**Exercise requirements:** Could you copy every line in the listing below that has the word "business"?

**Data shown:**

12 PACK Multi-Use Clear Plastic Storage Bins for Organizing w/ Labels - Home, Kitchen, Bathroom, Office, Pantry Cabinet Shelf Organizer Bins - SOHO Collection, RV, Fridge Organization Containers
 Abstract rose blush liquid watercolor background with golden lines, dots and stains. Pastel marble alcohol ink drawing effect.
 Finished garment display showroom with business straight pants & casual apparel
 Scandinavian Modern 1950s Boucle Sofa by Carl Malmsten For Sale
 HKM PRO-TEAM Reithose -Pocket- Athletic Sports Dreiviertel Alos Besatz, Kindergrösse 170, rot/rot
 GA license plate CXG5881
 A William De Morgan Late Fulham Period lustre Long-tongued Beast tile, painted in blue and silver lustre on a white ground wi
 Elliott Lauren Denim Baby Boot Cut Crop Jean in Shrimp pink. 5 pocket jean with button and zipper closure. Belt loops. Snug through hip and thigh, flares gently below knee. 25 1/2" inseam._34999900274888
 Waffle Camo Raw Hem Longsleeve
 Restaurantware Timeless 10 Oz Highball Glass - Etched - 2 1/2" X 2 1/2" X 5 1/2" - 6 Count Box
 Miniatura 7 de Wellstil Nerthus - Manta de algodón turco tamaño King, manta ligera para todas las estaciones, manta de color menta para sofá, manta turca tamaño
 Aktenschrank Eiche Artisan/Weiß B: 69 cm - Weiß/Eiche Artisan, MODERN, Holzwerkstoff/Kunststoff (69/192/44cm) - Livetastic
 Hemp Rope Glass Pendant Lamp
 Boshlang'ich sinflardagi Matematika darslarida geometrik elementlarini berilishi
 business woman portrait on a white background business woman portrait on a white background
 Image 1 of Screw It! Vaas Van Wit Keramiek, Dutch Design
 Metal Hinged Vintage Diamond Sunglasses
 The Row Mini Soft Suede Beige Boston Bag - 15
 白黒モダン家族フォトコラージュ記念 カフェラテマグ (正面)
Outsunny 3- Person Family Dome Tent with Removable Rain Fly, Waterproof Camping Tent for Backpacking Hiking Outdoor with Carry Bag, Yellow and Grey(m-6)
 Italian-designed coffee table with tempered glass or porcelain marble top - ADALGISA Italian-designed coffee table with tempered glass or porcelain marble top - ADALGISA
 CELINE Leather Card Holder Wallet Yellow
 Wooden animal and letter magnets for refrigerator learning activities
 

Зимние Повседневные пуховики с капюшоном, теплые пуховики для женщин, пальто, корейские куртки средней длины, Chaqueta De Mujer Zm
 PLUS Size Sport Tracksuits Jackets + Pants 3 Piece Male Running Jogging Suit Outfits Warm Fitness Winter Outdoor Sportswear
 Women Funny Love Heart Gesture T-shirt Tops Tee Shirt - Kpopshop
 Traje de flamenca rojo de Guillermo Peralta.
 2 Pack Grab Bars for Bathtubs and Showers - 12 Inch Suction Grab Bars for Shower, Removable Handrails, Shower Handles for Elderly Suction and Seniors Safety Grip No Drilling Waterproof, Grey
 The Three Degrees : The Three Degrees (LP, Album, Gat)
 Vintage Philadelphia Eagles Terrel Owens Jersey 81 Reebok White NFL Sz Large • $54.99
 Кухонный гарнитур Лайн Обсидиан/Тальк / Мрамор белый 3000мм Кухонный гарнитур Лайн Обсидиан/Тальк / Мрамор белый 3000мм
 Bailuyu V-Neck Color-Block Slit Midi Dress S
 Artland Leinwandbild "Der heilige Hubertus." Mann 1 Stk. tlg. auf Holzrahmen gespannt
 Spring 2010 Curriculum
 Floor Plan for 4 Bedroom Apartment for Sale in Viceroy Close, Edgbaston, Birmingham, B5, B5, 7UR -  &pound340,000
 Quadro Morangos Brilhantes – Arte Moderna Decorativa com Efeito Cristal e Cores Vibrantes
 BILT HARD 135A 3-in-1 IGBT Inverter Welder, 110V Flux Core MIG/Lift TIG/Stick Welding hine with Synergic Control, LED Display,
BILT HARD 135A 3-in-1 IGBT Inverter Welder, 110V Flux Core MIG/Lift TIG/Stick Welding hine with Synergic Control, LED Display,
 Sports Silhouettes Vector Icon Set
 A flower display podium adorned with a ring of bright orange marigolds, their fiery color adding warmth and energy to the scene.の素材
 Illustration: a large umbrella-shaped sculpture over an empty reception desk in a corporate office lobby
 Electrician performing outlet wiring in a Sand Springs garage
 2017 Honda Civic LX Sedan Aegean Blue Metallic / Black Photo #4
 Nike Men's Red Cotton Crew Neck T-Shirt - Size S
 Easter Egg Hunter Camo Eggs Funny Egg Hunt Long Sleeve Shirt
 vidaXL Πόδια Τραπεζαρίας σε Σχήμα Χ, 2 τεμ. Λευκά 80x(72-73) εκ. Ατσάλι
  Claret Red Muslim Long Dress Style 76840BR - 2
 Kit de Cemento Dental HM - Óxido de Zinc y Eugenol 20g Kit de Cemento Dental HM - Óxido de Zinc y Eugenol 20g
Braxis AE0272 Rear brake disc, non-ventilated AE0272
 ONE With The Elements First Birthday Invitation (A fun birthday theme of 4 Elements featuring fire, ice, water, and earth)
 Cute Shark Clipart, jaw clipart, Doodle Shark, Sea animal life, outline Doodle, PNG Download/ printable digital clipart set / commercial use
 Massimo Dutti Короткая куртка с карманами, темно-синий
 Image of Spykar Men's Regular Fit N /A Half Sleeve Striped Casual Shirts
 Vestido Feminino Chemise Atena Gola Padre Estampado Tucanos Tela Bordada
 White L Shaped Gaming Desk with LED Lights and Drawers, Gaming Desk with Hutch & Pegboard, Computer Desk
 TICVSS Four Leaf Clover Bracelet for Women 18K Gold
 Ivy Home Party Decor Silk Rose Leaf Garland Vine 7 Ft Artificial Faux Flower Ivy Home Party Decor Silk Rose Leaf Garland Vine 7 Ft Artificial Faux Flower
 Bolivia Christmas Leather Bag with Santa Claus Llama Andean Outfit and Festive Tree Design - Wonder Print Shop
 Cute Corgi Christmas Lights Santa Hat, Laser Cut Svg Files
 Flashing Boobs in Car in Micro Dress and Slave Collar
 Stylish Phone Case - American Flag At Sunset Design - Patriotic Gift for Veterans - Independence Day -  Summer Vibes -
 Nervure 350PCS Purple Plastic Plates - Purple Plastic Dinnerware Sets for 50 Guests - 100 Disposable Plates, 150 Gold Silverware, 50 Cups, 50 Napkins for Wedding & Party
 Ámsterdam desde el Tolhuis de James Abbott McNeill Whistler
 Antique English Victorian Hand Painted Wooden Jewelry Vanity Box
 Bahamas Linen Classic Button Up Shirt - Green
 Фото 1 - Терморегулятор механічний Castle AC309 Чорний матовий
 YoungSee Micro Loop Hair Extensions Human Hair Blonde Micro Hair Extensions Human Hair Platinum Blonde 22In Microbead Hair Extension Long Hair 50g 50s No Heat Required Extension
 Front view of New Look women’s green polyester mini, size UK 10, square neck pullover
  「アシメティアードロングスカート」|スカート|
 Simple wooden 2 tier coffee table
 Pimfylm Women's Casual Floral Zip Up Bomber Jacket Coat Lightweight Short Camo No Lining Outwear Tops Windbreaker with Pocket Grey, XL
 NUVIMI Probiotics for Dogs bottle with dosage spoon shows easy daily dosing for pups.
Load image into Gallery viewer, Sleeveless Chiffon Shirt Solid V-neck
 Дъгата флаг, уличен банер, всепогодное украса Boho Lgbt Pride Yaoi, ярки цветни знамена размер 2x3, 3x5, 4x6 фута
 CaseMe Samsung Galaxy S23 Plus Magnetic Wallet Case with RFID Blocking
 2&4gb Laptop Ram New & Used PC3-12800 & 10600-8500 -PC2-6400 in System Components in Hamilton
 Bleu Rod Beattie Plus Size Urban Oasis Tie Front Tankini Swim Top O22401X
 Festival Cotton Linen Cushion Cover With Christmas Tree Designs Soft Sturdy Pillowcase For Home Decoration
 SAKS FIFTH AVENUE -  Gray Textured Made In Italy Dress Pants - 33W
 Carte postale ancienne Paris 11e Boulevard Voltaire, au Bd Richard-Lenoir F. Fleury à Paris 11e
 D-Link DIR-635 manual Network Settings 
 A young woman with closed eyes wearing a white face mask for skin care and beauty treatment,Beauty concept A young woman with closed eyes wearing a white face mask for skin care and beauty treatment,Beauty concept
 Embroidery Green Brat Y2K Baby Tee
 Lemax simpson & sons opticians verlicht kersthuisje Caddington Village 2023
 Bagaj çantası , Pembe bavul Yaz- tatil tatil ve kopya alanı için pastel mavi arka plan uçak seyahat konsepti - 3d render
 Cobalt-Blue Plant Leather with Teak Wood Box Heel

**Solution to this exercise:**
 Finished garment display showroom with business straight pants & casual apparel
 business woman portrait on a white background business woman portrait on a white background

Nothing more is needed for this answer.